Both Trump and Clinton have been accused of scandal after scandal. Hamilton had those, too. (Granted, no Founding Father, to my knowledge, ever threatened to sue the alleged victims of sexual assault.) When it seemed that the tabloids might leak documents that could be misinterpreted as financial misconduct, Hamilton hatched a preemptive PR move.

"The charge against me is a connection with one James Reynolds for purposes of improper pecuniary speculation," he begins. "My real crime is an amorous connection with his wife."

He then shares every juicy detail of his extra-marital affair, launching the nation's first sex scandal. This came with a personal and political cost. Yet Hamilton believed that leaders should tell the truth and stick to their word, no matter the price, and that "a promise must never be broken." He took his code of honor seriously. (Exhibit A? The duel with Aaron Burr.)

Then again, it's also possible he had hoped that no one would get past the title of his 11,000-word confession, "Observations on Certain Documents Contained in No. V & VI of 'The History of the United States for the Year 1796,' in Which the Charge of Speculation Against Alexander Hamilton, Late Secretary of the Treasury, Is Fully Refuted. Written by Himself." (Imagine Clinton taking this tack.)

Taking a longer lens, many see the 2016 election as a choice between a flawed candidate and a catastrophic candidate. Hamilton faced the same decision. "If there be a man in the world I ought to hate," Hamilton admitted, "it is Jefferson. With Burr I have always been personally well." Yet Jefferson "is by far not so dangerous a man and he has pretensions to character . . . [Burr] is far more cunning than wise, far more dexterous than able.

In my opinion he is inferior in real ability to Jefferson." Still not clear enough? Hamilton tells a friend that Burr is "one of the worst men in the community. The appointment of Burr as president would disgrace our country abroad . . . No agreement with him could be relied upon." If Federalists backed Burr, they would be "signing their own death warrant." Hamilton felt it "a religious duty to oppose his career."

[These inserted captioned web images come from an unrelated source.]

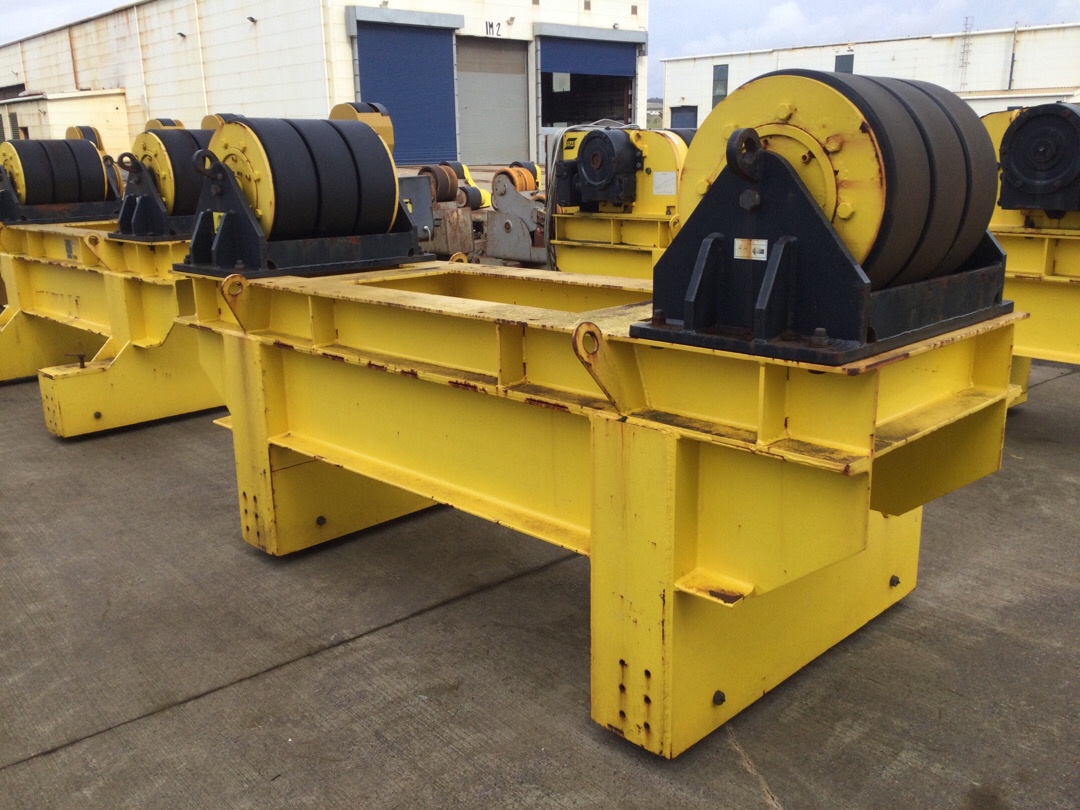 Esab CD100DB Powered Rotator and 2: Idlers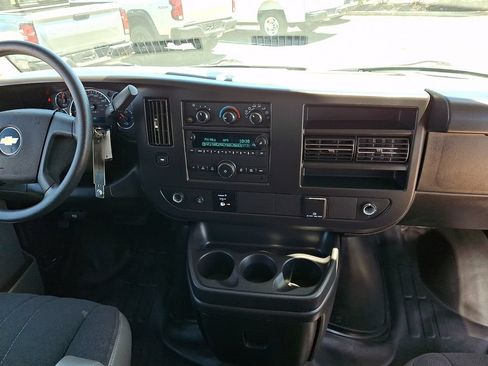 Used 2024 Chevrolet Express 2500 w/ Driver Convenience Package RWD image 16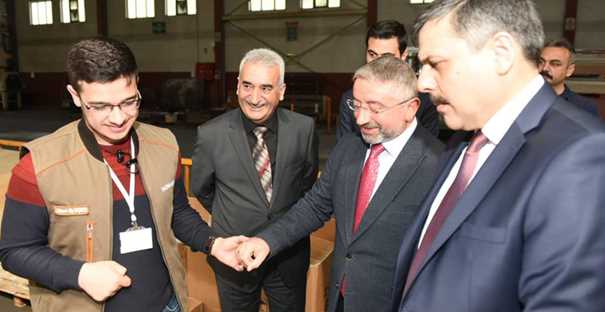 Mustafa Yağlı  başarı hikayesini öğrencilerle paylaştı
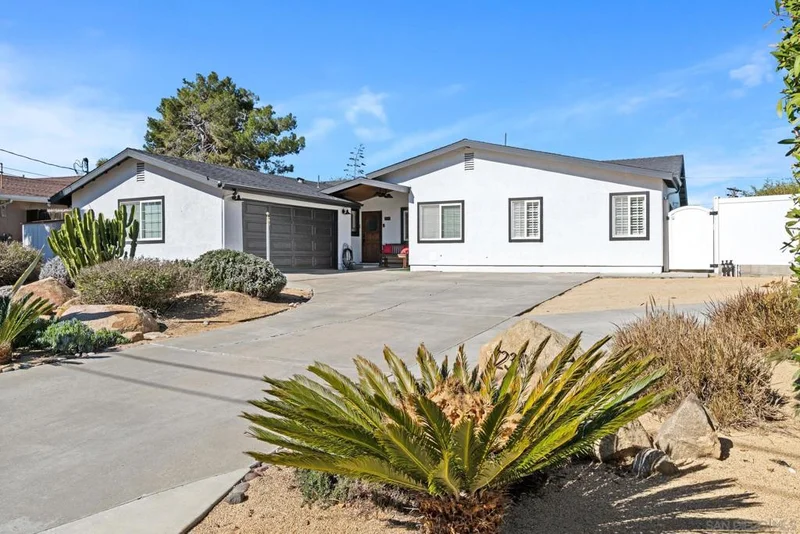 12344 Buckskin Trl, Poway, CA 92064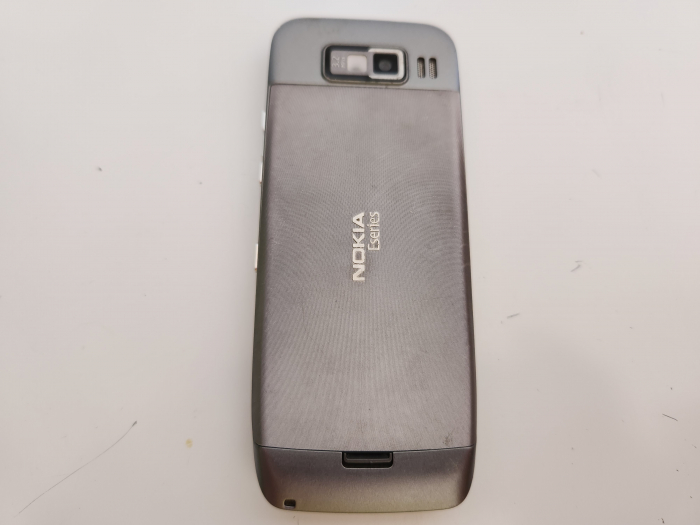 Telefon Nokia e52 folosit in stare foarte buna [2]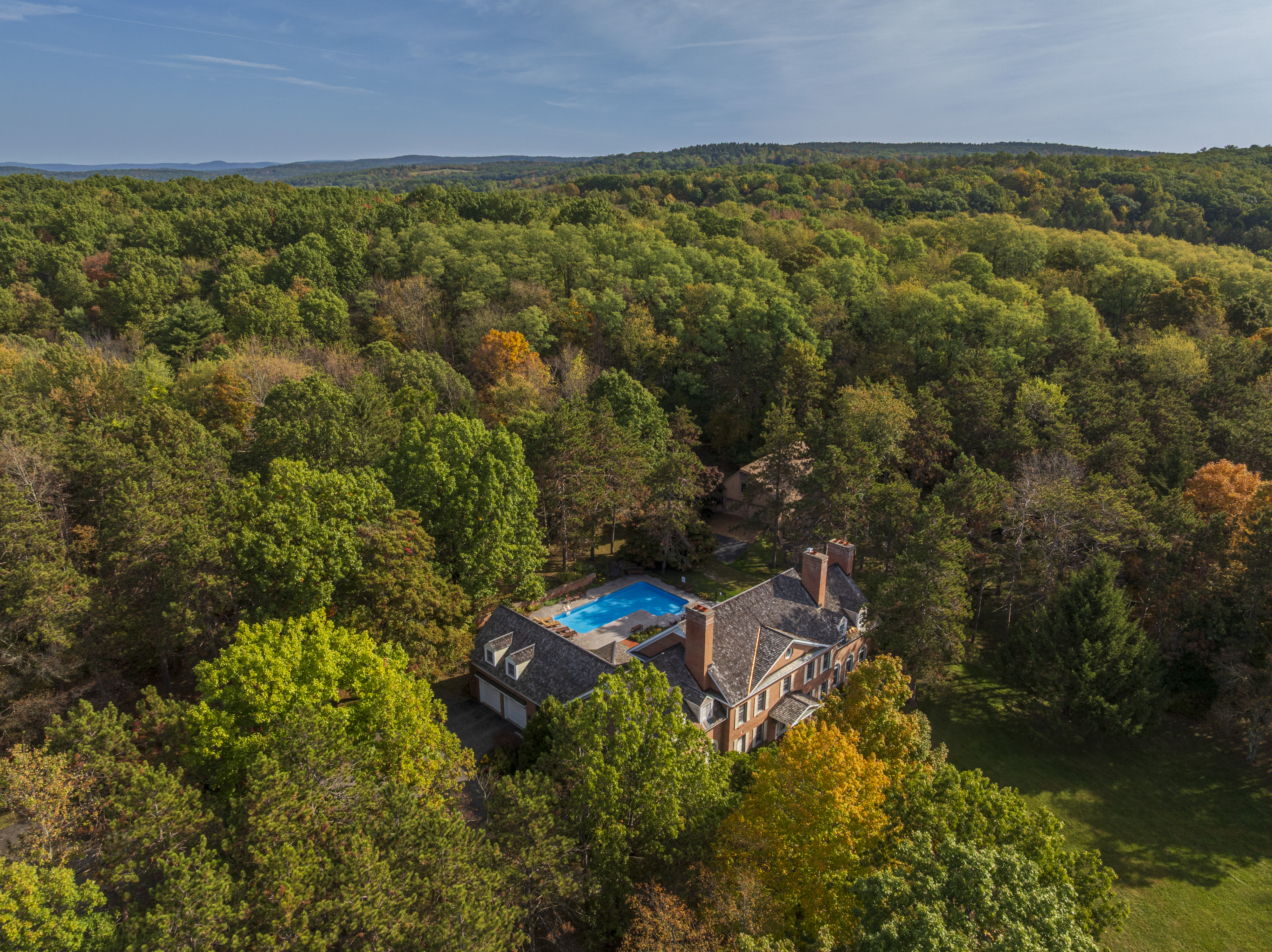  12,000SF Georgian Country Estate  25+ Secluded Acres with Pool & Barn Near Huds - 物件實景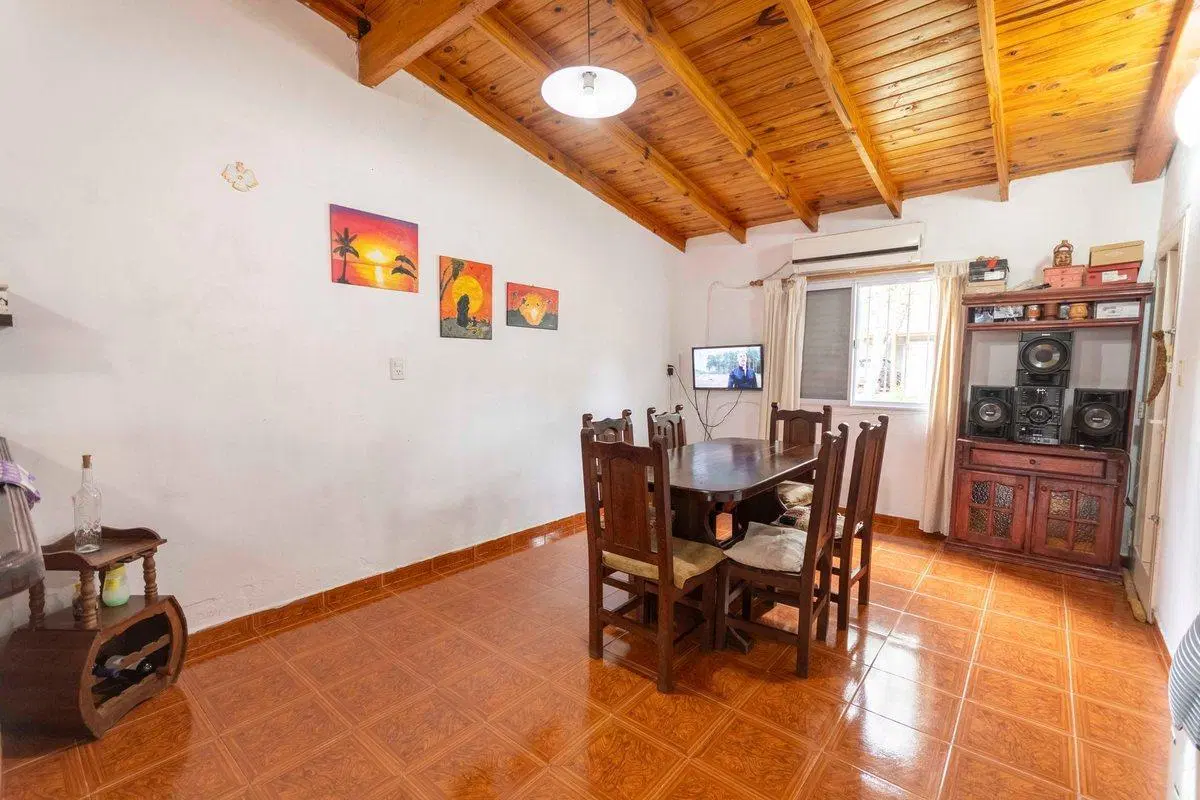 VENTA CASA 1 DORM ROLDÁN VILLA FLORES ACEPTA PERM. 3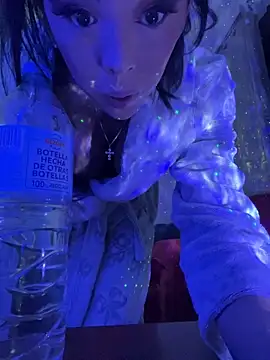 jamillydcastro online show from November 28, 2025, 11:18 pm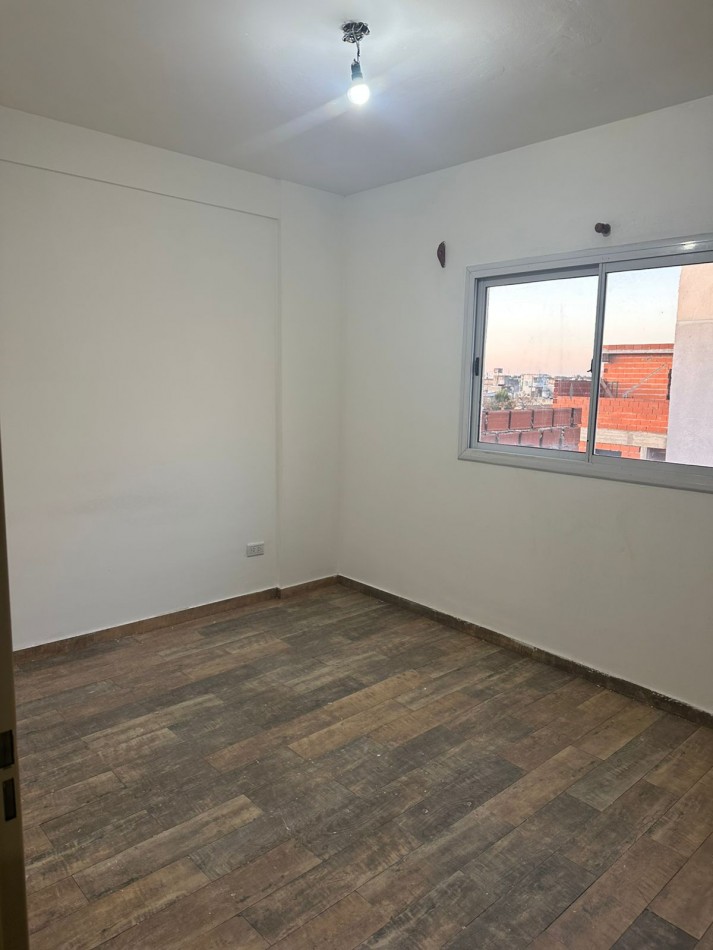 Alquiler departamento 2 ambientes - Lomas Del Mirador
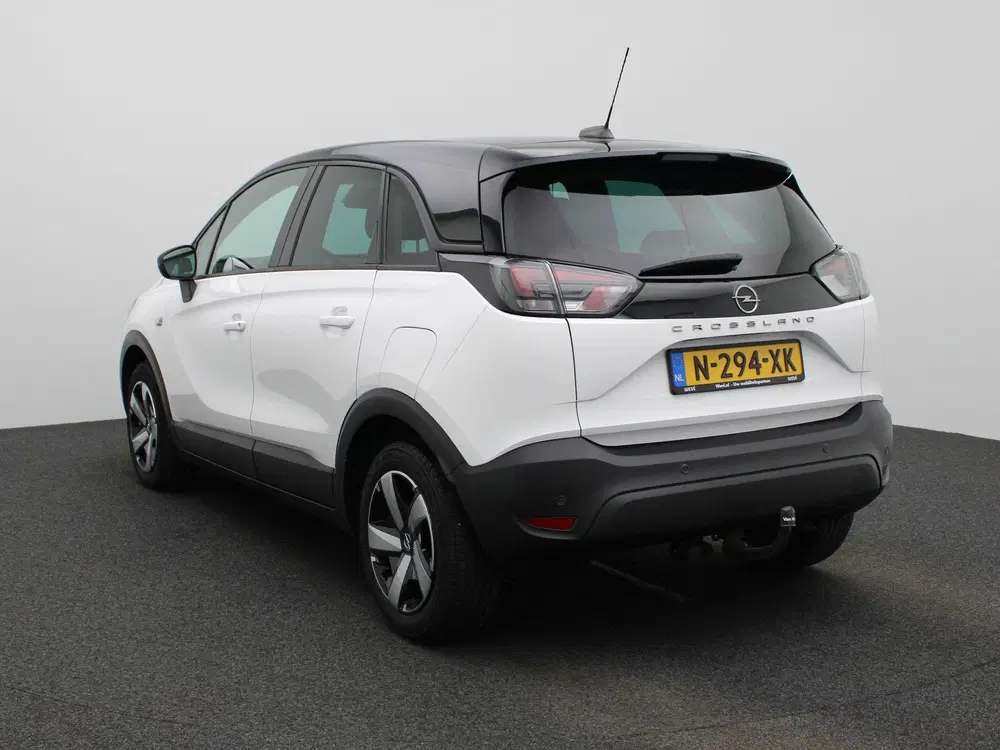 Opel Crossland 1.2 Edition uit 2022, foto 2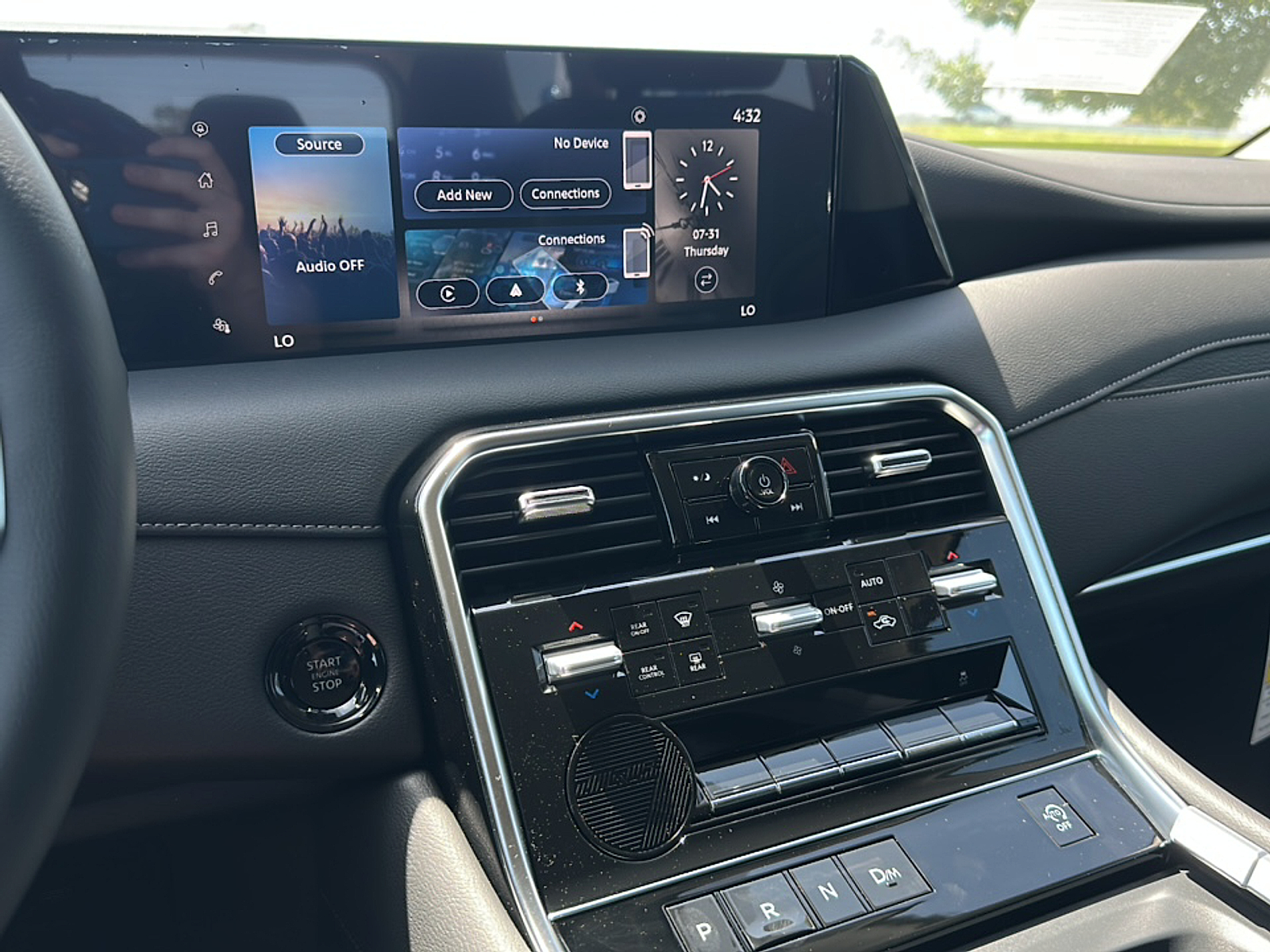 2025 Nissan Armada SV photo 11
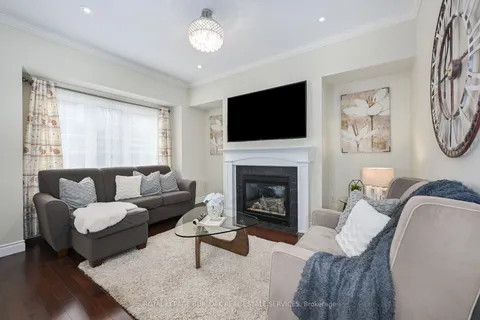 3182 Tim Dobbie Dr, Burlington, ON L7M 0N3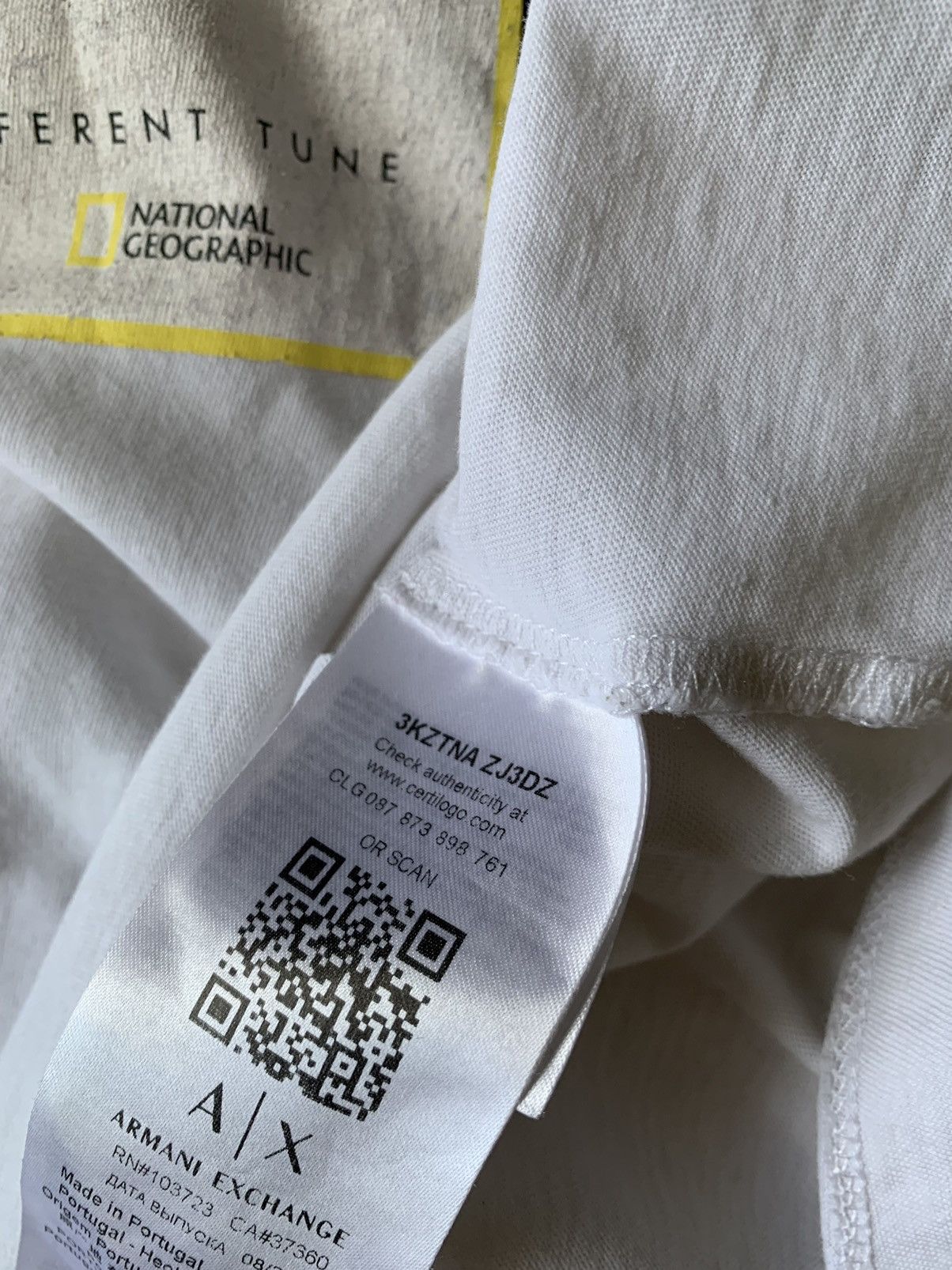 Armani Exchange Armani Exchange National Geographic tucan vinyl tee Size US L / EU 52-54 / 3 - 13 Thumbnail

In other words: #NeverBurr.

It would take "False Equivalence" to a cartoonish extreme to suggest that Trump / Clinton is identical to Jefferson / Burr. And of course no one can divine what Hamilton would really think, how he would vote, or if he would align himself with today's Republicans or Democrats. (Historians still debate this.)

But in the waning days of this wrenching election, what would he do? He would write, tweet, write more, tweet more. He would press the candidates for substance, ask the tough questions, and then do what he thought was best for America… focus groups and polling be damned. For Hamilton had many maxims, and this one was foundational: Being Right Trumps Being Popular.